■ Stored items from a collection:
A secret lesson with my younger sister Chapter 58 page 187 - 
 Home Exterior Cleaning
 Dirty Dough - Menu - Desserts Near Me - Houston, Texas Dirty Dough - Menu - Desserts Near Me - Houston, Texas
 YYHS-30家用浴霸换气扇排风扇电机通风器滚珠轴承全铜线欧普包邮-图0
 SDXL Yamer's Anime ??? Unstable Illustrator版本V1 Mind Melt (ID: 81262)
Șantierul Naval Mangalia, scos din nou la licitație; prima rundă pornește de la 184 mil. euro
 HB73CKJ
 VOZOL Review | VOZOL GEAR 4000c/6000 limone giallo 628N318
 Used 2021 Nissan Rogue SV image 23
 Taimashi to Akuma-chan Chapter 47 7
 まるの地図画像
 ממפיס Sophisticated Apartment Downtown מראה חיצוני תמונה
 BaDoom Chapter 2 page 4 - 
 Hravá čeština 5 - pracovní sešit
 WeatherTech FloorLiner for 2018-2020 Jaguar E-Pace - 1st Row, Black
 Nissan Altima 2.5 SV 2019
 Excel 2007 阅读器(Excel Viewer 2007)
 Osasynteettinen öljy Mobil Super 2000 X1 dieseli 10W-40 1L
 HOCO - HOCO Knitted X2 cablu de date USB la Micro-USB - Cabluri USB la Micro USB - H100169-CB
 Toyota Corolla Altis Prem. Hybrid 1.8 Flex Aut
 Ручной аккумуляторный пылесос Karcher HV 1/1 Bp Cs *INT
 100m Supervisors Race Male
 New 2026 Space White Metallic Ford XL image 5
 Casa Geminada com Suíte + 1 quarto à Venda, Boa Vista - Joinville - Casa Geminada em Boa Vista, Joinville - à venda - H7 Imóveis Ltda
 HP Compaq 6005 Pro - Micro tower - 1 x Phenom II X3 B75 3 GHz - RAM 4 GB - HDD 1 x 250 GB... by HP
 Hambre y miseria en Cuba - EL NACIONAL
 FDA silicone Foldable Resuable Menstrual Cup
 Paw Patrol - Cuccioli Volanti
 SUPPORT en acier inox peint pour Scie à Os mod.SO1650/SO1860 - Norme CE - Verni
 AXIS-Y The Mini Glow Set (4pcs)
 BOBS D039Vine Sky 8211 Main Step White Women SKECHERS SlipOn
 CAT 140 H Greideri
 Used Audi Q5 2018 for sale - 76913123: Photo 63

■ Action item: Your answer should consist only of the lines above between the line holding "Houston, Texas Dirty" and the line holding "VOZOL Review |", inclusive, each transcribed exactly.

■ Output for this exercise:
 Dirty Dough - Menu - Desserts Near Me - Houston, Texas Dirty Dough - Menu - Desserts Near Me - Houston, Texas
 YYHS-30家用浴霸换气扇排风扇电机通风器滚珠轴承全铜线欧普包邮-图0
 SDXL Yamer's Anime ??? Unstable Illustrator版本V1 Mind Melt (ID: 81262)
Șantierul Naval Mangalia, scos din nou la licitație; prima rundă pornește de la 184 mil. euro
 HB73CKJ
 VOZOL Review | VOZOL GEAR 4000c/6000 limone giallo 628N318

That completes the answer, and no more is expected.